Les ressources naturelles d’une nation ont vocation à être au service de la solidarité intergénérationnelle. La mystique de la Nation doit guider les dirigeants tout le temps. La nation comprend les générations passées, présentes (peuple) et futures. Une solidarité est indispensable entre les générations. Agir aujourd’hui ne doit pas compromettre le vivre ensemble, le bien-être des générations futures. Tout dirigeant devrait se demander quel héritage il va léguer aux générations futures, en bâtissant sur le legs de ses prédécesseurs. C’est une loi immuable pour toute nation qui veut prospérer et retrouver ou conserver sa grandeur.
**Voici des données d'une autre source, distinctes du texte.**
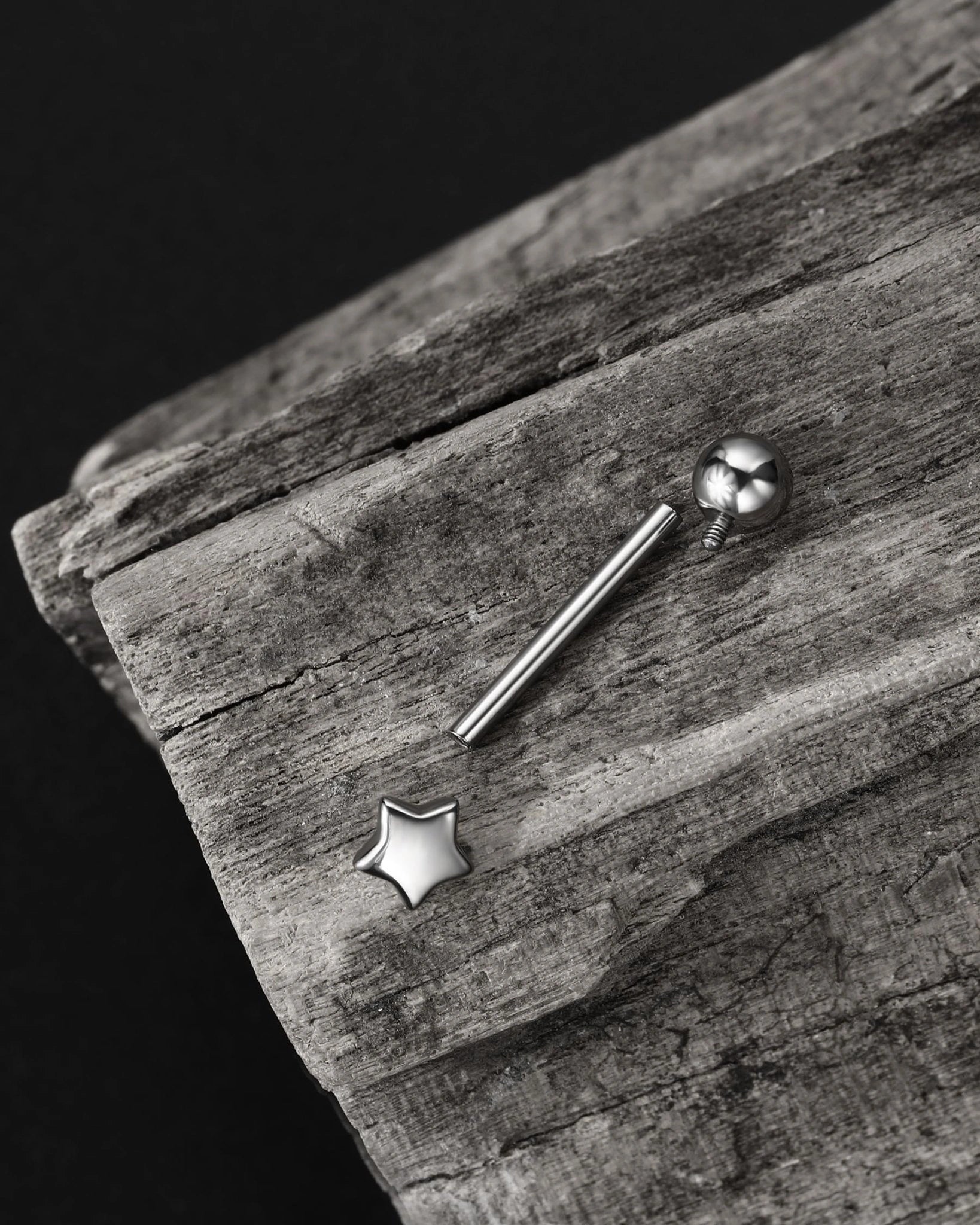 implant-grade-titanium-tongue-piercing-jewelry-heart-tongue-rings-internally-threaded-tongue-barbell-for-women-men-detail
La grandeur d’une nation passe par le rétablissement de la paix, d’une paix durable. Et une paix durable exige, d’une part, une solution holistique, multidimensionnelle à la crise qui l’aura rompue et, d’autre part, un bon séquençage des étapes vers la paix. Et pour commencer dans le cas présent, point n’est point de rappeler que le point de départ c’est l’application de la résolution 2773 du Conseil de sécurité de l’ONU. La paix n’a certes pas de prix, mais elle ne doit pas être vendue aux soldes, encore moins à celui-là même qui la brise régulièrement. Le Rwanda a déjà obtenu plusieurs fois des accords privilégiés avec la RDC sans jamais tenir ses engagements. Quelle garantie a-t-on aujourd’hui à part la bonne foi des parties maintes trahie ? Partant, il est temps d’impliquer la nation dans toutes ses composantes, notamment les femmes et les jeunes, dans les négociations des accords qui engagent le destin commun, au moins à travers des débats et la ratification des accords négociés au parlement, par devoir de transparence et d’équité pour les générations futures et par respect de la constitution en son article 214.